P59:4, 4:4.8 We crave the concept of the Infinite, but we
worship the experience-idea of God, our anywhere and any-time capacity to grasp
the personality and divinity factors of our highest concept of Deity.
P59:5, 4:4.9 The consciousness of a victorious human life on
Earth is born of that creature faith which dares to challenge each recurring
episode of existence when confronted with the awful spectacle of human
limitations, by the unfailing declaration: Even if we cannot do this, there
lives in us one who can and will do it, a part of the Father-Absolute of the
universe of universes. And that is "the victory which overcomes the world,
even your faith.
P60:2, 4:5.3 The people of Earth continue to suffer from the
influence of primitive concepts of God. The God who goes on a rampage in the
storm; who shake the earth in their wrath and strike down men in their anger;
who inflict their judgments of displeasure in times of famine and flood -- this
is the God of primitive religion; it is not the God who lives and rule the
universes. Such concepts are a relic of the times when men supposed that the
universe was under the guidance and domination of the whims of such an imaginary
God. But mortal man is beginning to realize that he lives in a realm of
comparative law and order as far as concerns the administrative policies and
conduct of the Supreme Creator. .
P60:3, 4:5.4 The barbarous idea of appeasing an angry God, of
propitiating an offended Lord, of winning the favor of Deity through sacrifices
and penance and even by the shedding of blood, represents a religion wholly
puerile and primitive, a philosophy unworthy of an enlightened age of science
and truth. Such beliefs are utterly repulsive to the celestial beings and the
divine ruler who serve and reign in the universe. It is an affront to God to
believe, hold, or teach that innocent blood must be shed in order to win his
favor or to divert the fictitious divine wrath.

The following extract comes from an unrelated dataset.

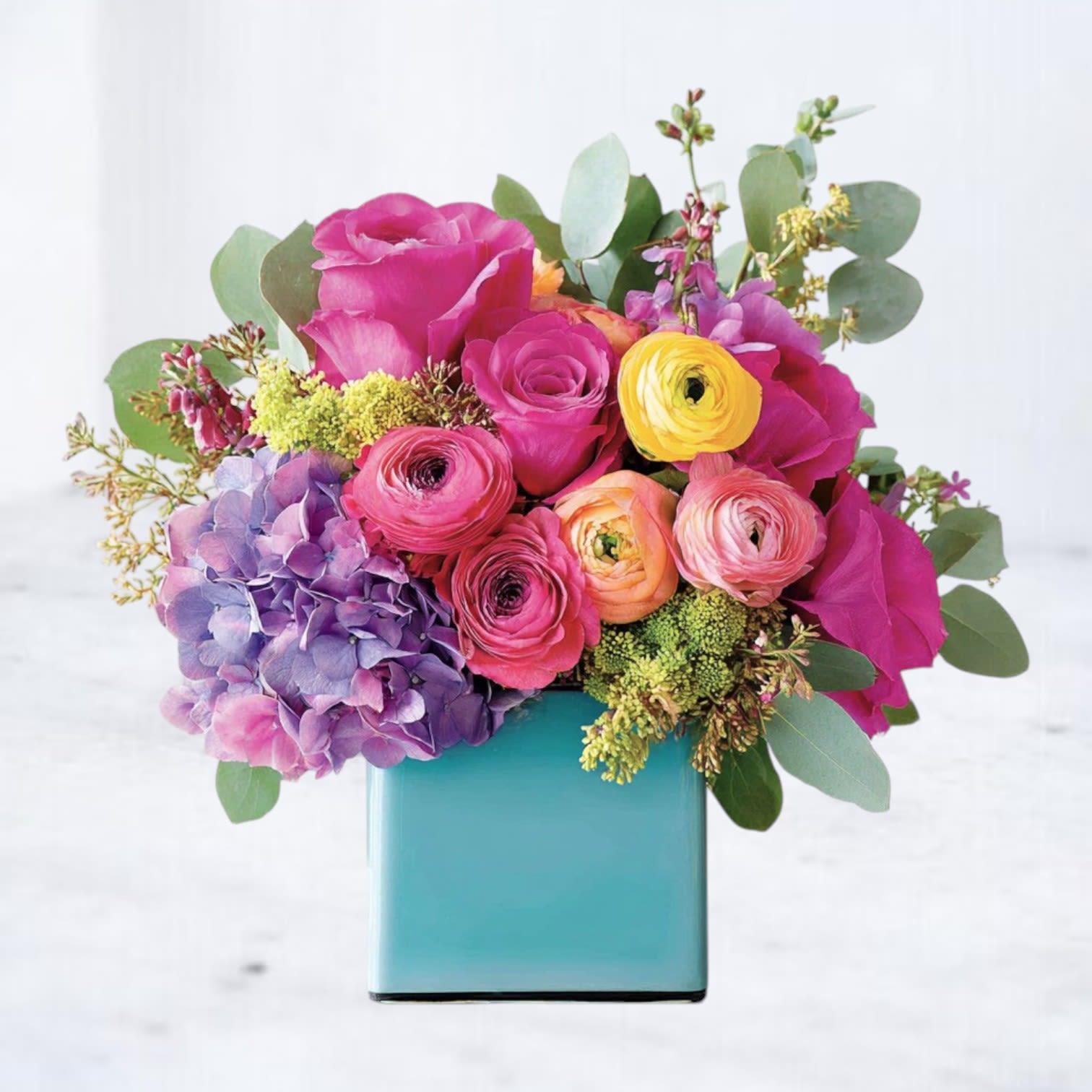 Picturesque - Celebrate their big day in bold, unforgettable color. Our Picturesque arrangement is a vibrant mix of joyful blooms designed to make birthdays feel as bright as they are. Featuring fuchsia anemones, hot pink hydrangea, sunny yellow ranunculus, billy balls, delicate blue tweedia, and sprigs of playful greenery, this design bursts with personality. Handcrafted in a modern teal cylinder vase, this arrangement is ideal for sending birthday cheer across Houston and surrounding areas.  Whether you're celebrating a milestone, a sweet sixteen, or just reminding someone how special they are, Picturesque delivers a punch of happiness with every petal. Available for same-day flower delivery in Houston, Katy, Sugar Land, Cypress, and beyond.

P60:4, 4:5.5 It was believed that "without the shedding
of blood there could be no remission of sin." They had not found
deliverance from the old and pagan idea that the Gods could not be appeased
except by the sight of blood, though Moses did make a distinct advance when he
forbade human sacrifices and substituted therefore, in the primitive minds of
his childlike Bedouin followers, the ceremonial sacrifice of animals.

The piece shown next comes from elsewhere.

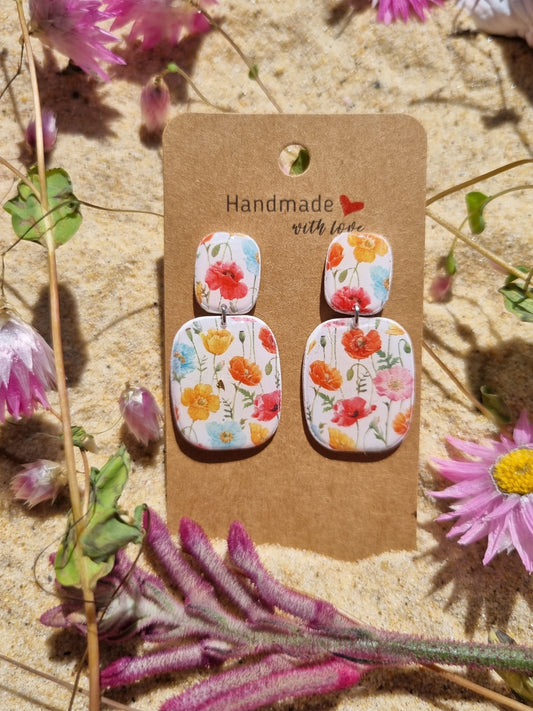 Poppy flower earrings on a white polymer clay background handmade in Australia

P60:5, 4:5.6 The bestowal of God’s Messenger Jesus was
inherent in the situation of closing a planetary age; it was inescapable, and it
was not made necessary for the purpose of winning the favor of God.

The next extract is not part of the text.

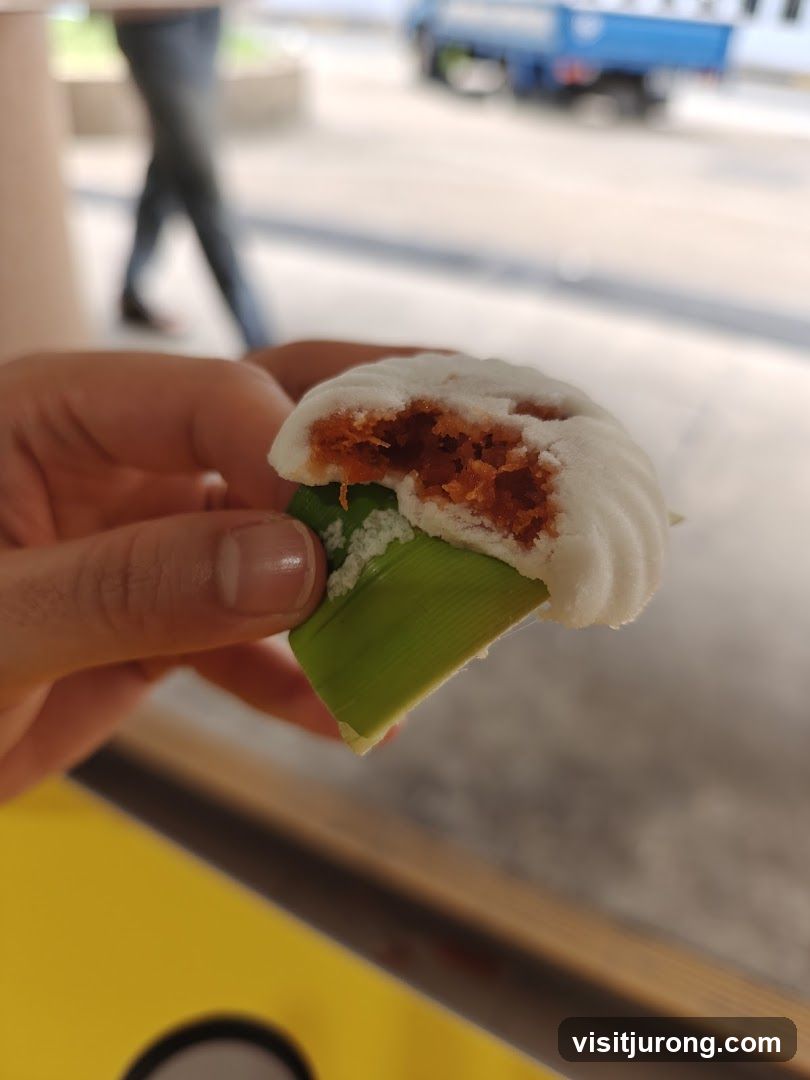 Close-up of a steamed bun with filling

What a travesty upon the infinite character of God! This teaching that
his fatherly heart in all its austere coldness and hardness was so untouched by
the misfortunes and sorrows of his creatures that his tender mercies were not
forthcoming until he saw his blameless Messenger bleeding and dying upon the
cross!
P60:6, 4:5.7 But the inhabitants of Earth are to find
deliverance from these ancient errors and pagan superstitions respecting the
nature of the Universal Father. The revelation of the truth about God is
appearing, and the human race is destined to know the Universal Father in all
that beauty of character and loveliness.